Published: September 21, 2011

Dario Antonioni, who runs Orange22, a design consultancy in Los Angeles, said he decided to try Kickstarter after seeing Mr. Wilson’s success, which sent “shock waves” through the design community, empowering designers.

Mr. Antonioni, 38, turned to Kickstarter in July to finance the Botanist Minimal bench, a bentwood seat he designed. In the past, he said, his firm would have risked its own money, hired a manufacturer and hoped for enough retailer and consumer interest to turn a profit, or at least break even.  

“The beauty of Kickstarter is it does away with that whole model,” he said.  

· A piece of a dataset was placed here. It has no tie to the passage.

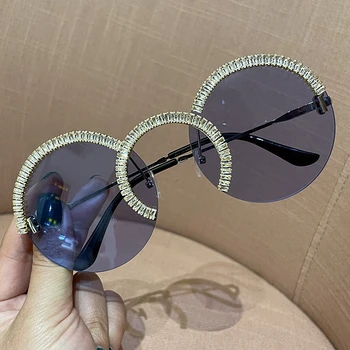 Zircon overdimensionerede solbriller 2020 luksus Runde solbriller kvinder Klar linse Briller Nuancer Til Kvinder oculos feminino 4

The appeal for backers, particularly those who finance design projects, is what they get in return: a gift like a T-shirt for smaller contributions, and for larger ones, a well-designed product at a substantial savings. Mr. Antonioni’s backers, for example, could get the Botanist bench by pledging $299; it will eventually retail for around $800, he said.

Mr. Antonioni has raised more than $36,000 on Kickstarter, exceeding his $20,000 goal and enabling him to place an order with an Asian manufacturer. And in the process, he said, he received valuable feedback from “a global audience” without doing costly market research or renting a booth at a trade show. “We don’t need a business plan,” he said. “We don’t even have to leave our studio.”

If the designers like Mr. Antonioni sound excessive in their praise, consider the challenges they face in an economy where research and development money has dried up, many design firms aren’t hiring and attracting investors is a time-consuming, low-yield endeavor. Mr. Wilson said that when businesspeople are approached with new product ideas, they can be overly cautious and “hedge their bets or demand crazy terms or retail margins” — if they are willing to lend money at all.

As Mr. Antonioni put it, “If I went to the bank today and said, ‘Can you give me $37,000 to make furniture?’ they’d laugh at me.”